___ Data excerpts

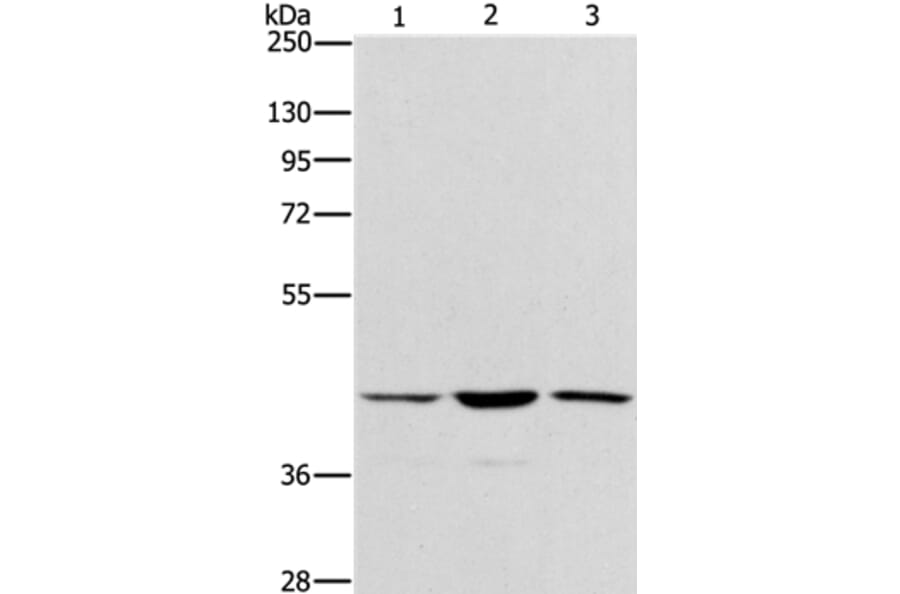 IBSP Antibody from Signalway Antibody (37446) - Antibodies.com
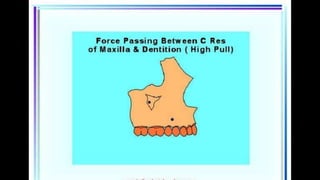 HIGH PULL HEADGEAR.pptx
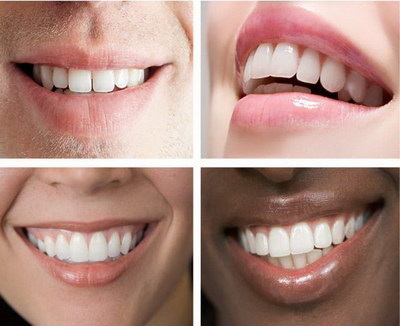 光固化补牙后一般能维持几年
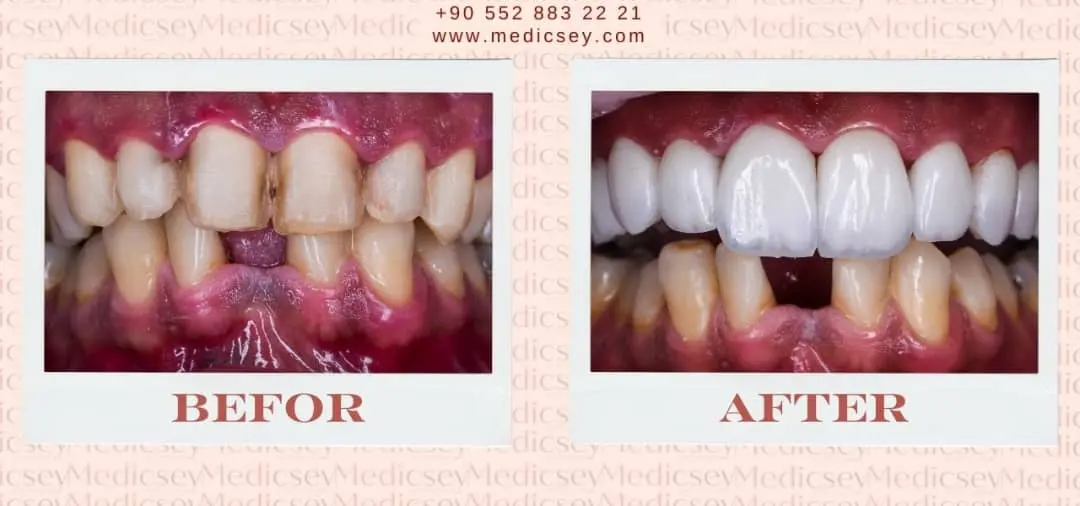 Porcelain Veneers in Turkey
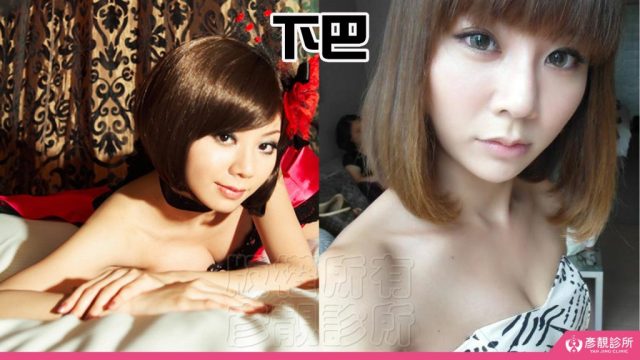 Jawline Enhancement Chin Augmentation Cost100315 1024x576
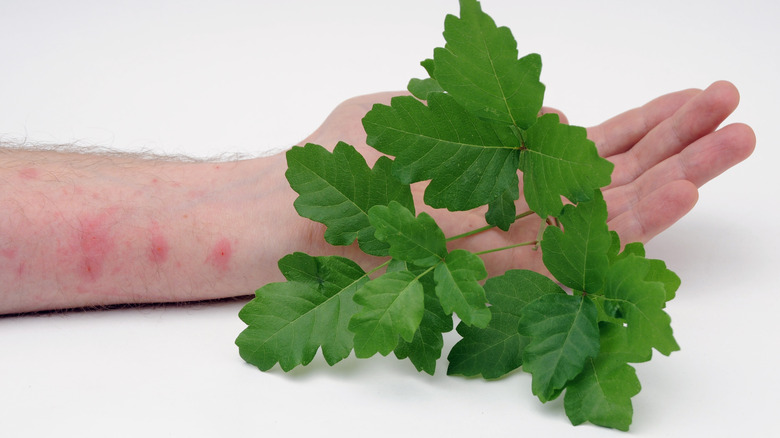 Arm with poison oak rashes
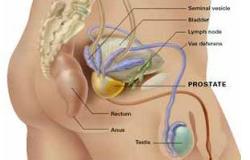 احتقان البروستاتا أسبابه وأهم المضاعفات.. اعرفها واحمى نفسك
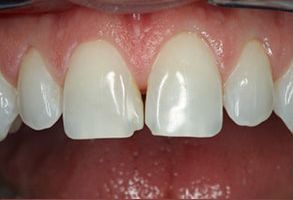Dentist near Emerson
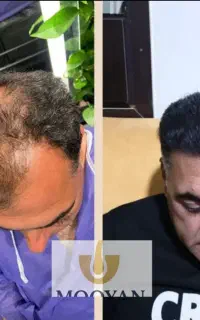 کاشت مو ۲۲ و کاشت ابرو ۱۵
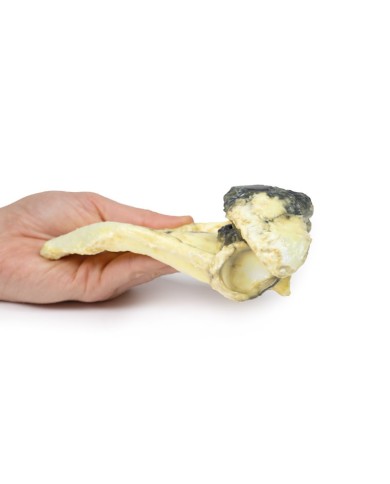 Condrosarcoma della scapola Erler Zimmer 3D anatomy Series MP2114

______

What lines above run from the one with "光固化补牙后一般能维持几年" to the one with "کاشت مو ۲۲ و کاشت ابرو ۱۵"? Give them again exactly, ends included, and leave the pictures out.

[Response area]:
 光固化补牙后一般能维持几年
 Porcelain Veneers in Turkey
 Jawline Enhancement Chin Augmentation Cost100315 1024x576
 Arm with poison oak rashes
 احتقان البروستاتا أسبابه وأهم المضاعفات.. اعرفها واحمى نفسك
Dentist near Emerson
 کاشت مو ۲۲ و کاشت ابرو ۱۵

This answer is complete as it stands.